It was also agreed that there was £16,209 available from his existing assets which could be returned to the state.

Mr Towers revealed that the house Lorains shares with his wife in St Cuthbert's Walk, Liverton Mines, Saltburn, east Cleveland was valued at £74,500, while the outstanding mortgage repayments on it were £42,081 in total.

Judge Peter Bowers asked Lorains' barrister Tamara Pawson if he would now have to sell the house, to which she nodded and replied: “It is his only main asset”.

Lorains – described as an “active sportsman” and “upstanding member of the community” - was given a four month jail sentence, suspended for 12 months, in September last year after exaggerating the extent of his illness.

He had begun claiming benefit in November 2008 for arthritis, diabetes and asthma. But by May 2009 his condition had improved to such an extent that he was witnessed performing with the bat and gloves for Boosbeck for whom he played 41 games between 2009 and 2012, scoring 614 runs.

The Northern Echo:

Stewart Lorains (right) in action for Boosbeck

In all Lorains' fraudulent claim stretched from May 6, 2009 to October 23, 2012.

Lorains, who has also been a boxing coach and football referee, agreed through his barrister to pay the available total, £16,209, within six months, and was ordered to do so by Judge Bowers.

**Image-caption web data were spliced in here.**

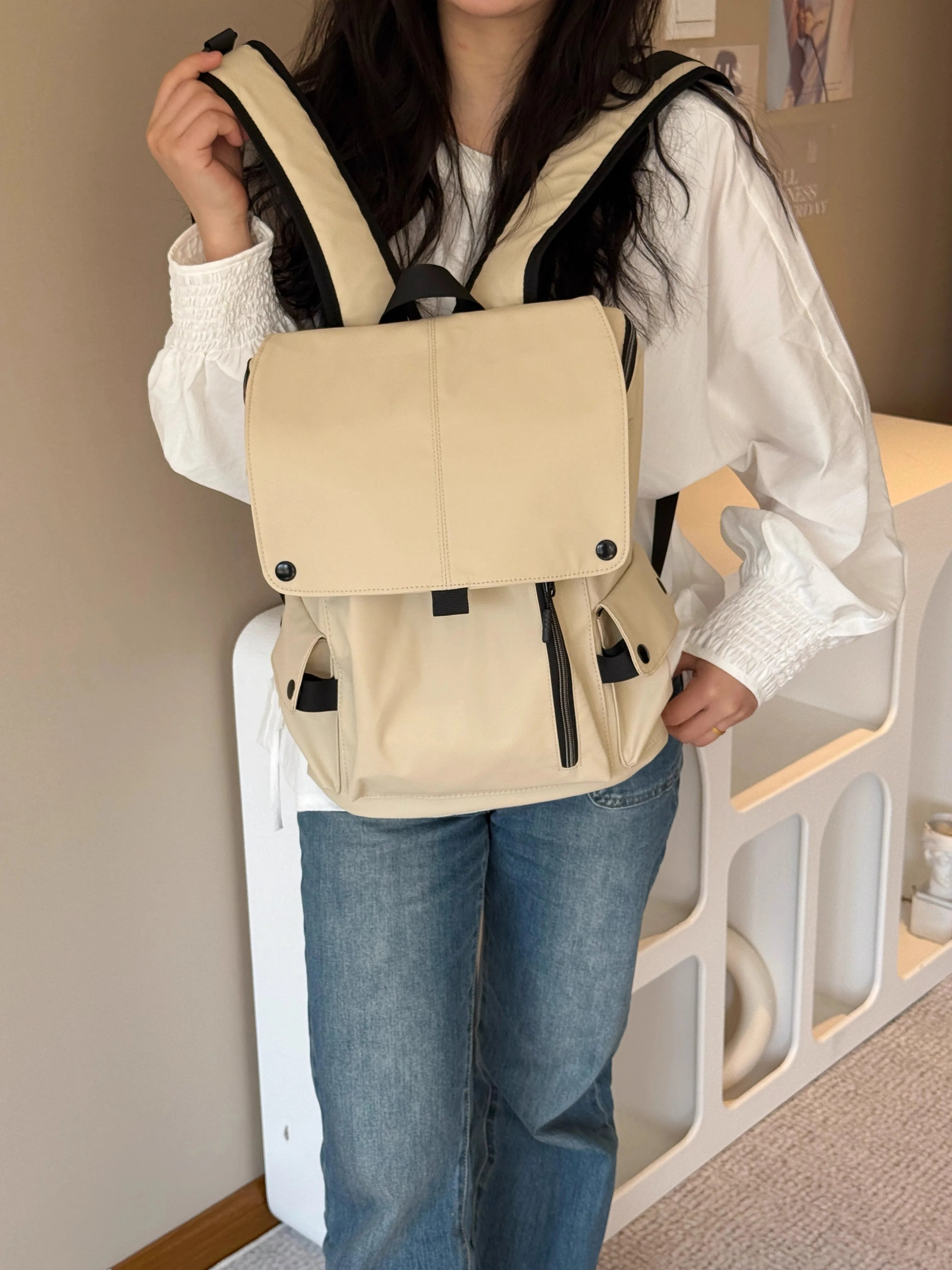 Cyflymder  Korean Y2k Aesthetic Simple Backpack Casual All Match Fashion Schoolbags Vintage Preppy Trendy Chic Backpacks for Women Students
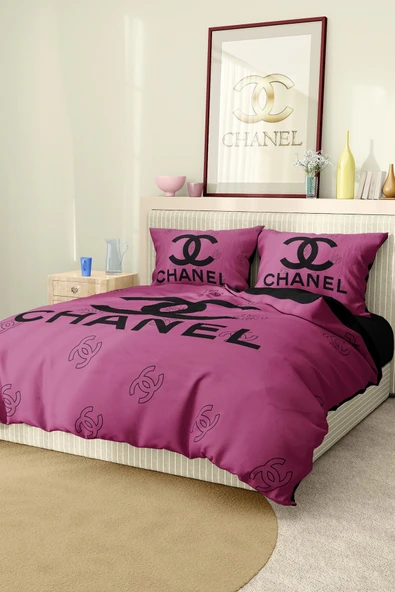 Nevresim Takımı Çift Kişilik Pamuklu Saten Kumaş 6 Parça 3D Dijital Baskı Duvet Cover Set Model No:33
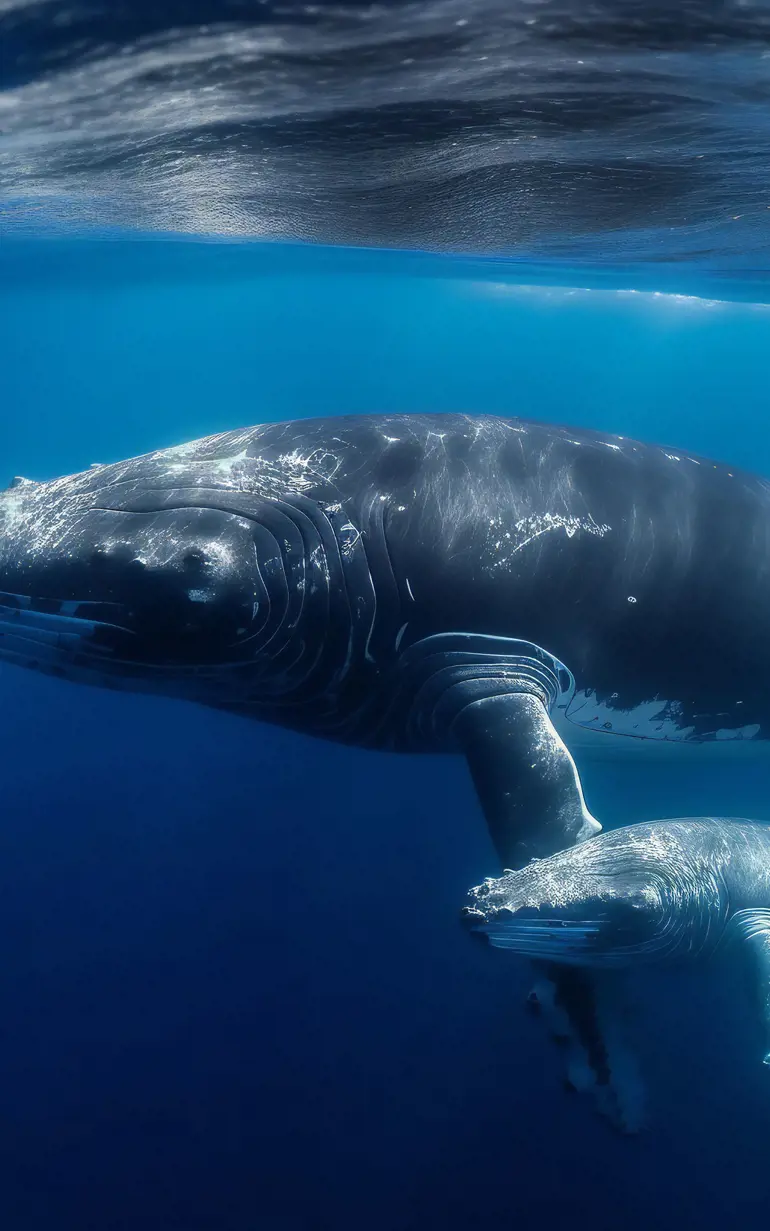 Mother whale and calf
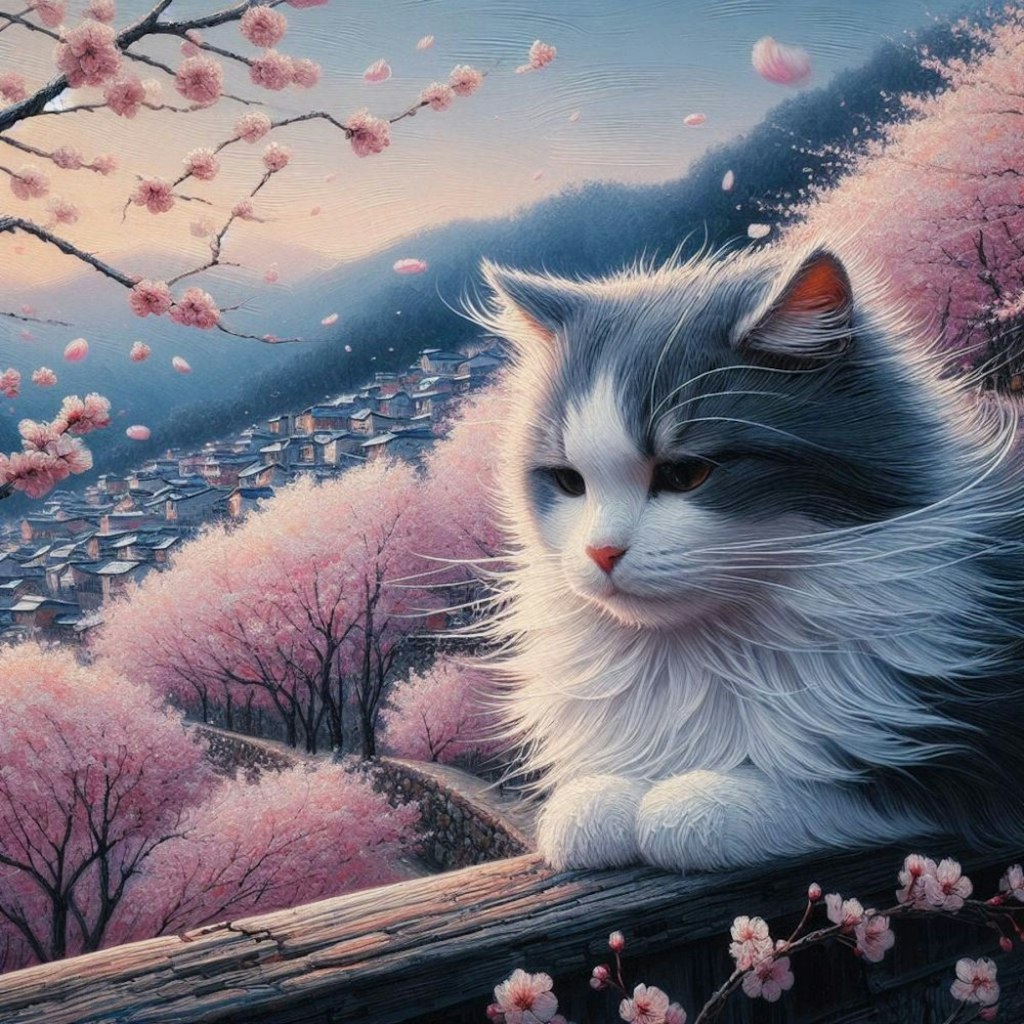 アクリル風 春桜 #伏し目 猫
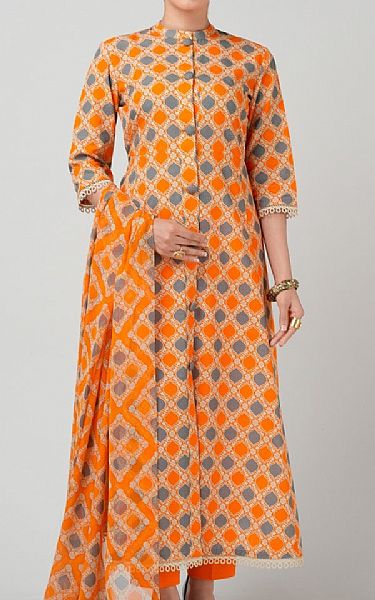 Bareeze Grey/Orange Khaddar Suit | Pakistani Winter Dresses in USA- Image 1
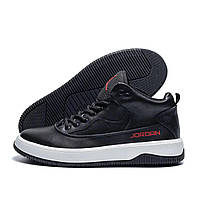 Мужские зимние кожаные кроссовки Jordan Black BEISHOP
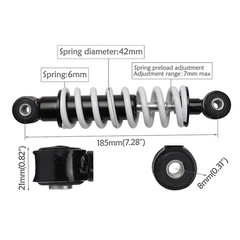 185mm 7.3″ Rear Shock 350-400lbs 8mm Mount for Mini Dirt Pit Bike ATV Go Kart 2x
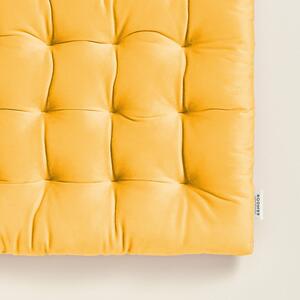 Perna de lux pentru scaun din velur galben 40x40 cm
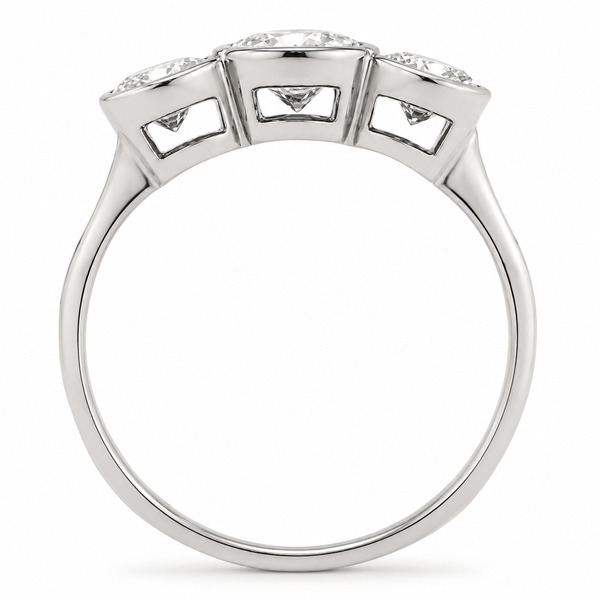 modern classic round brilliant cut diamond trilogy ring three 3 rubover rubbed over setting platinum gold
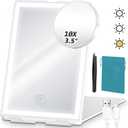 3 x Travel Makeup Mirror with Lights Valentines Day Gifts for Her, Girlfriend, Wife, Birthday Gifts Rechargeable Portable Folding Compact LED Mirror Set with Tweezer 3 Color Light Modes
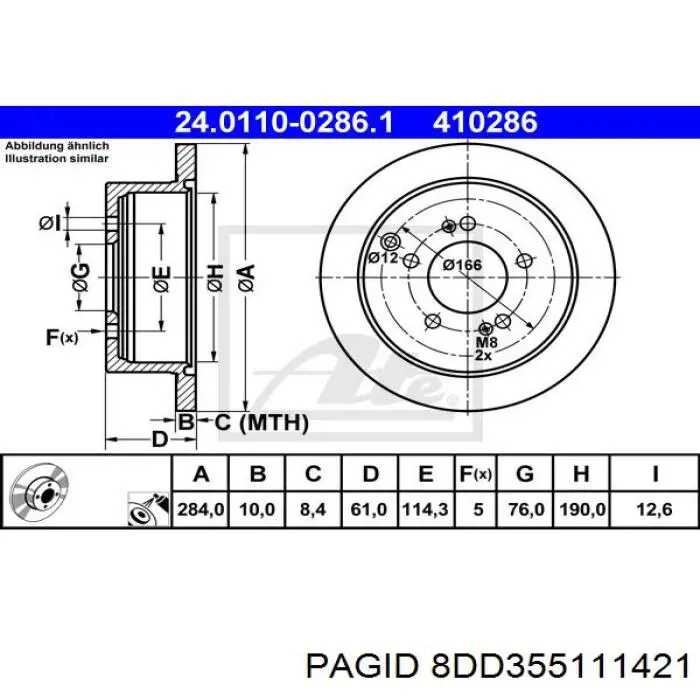 Гальмівні диски 8DD355111421 HELLA-PAGID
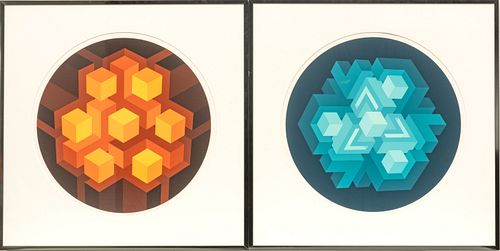 Brian Halsey (American, B. 1942) Serigraphs in Color on Wove Paper, "Conundrum; Embryon", Group of Two Dia. 17"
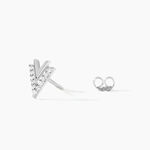 Boucles D'oreilles Puces Guenolee Argent Blanc Oxyde De Zirconium - Boucles d'oreilles fantaisie Femme | Histoire d&rsquo;Or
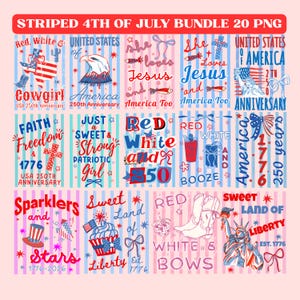 Striped 4th of July Bundle 20 PNG, USA 250 Patriotic Designs, Coquette American Girly Graphics, Red White Blue Sublimation Files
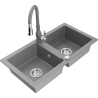 Mexen Mario fregadero de granito de 2 senos con grifo de cocina Savita, gris - 6504-71-672601-71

The judge, who conceded that the value of Lorains' home was not great, said if he defaulted on the amount owing he would be jailed for 12 months.

A Department for Work and Pensions spokesperson said: "This Government is introducing tougher new measures to further deter people from committing benefit fraud.

"Fraudsters need to know on top of any punishments handed by the court, we always seek to recover the stolen money back from convicted criminals."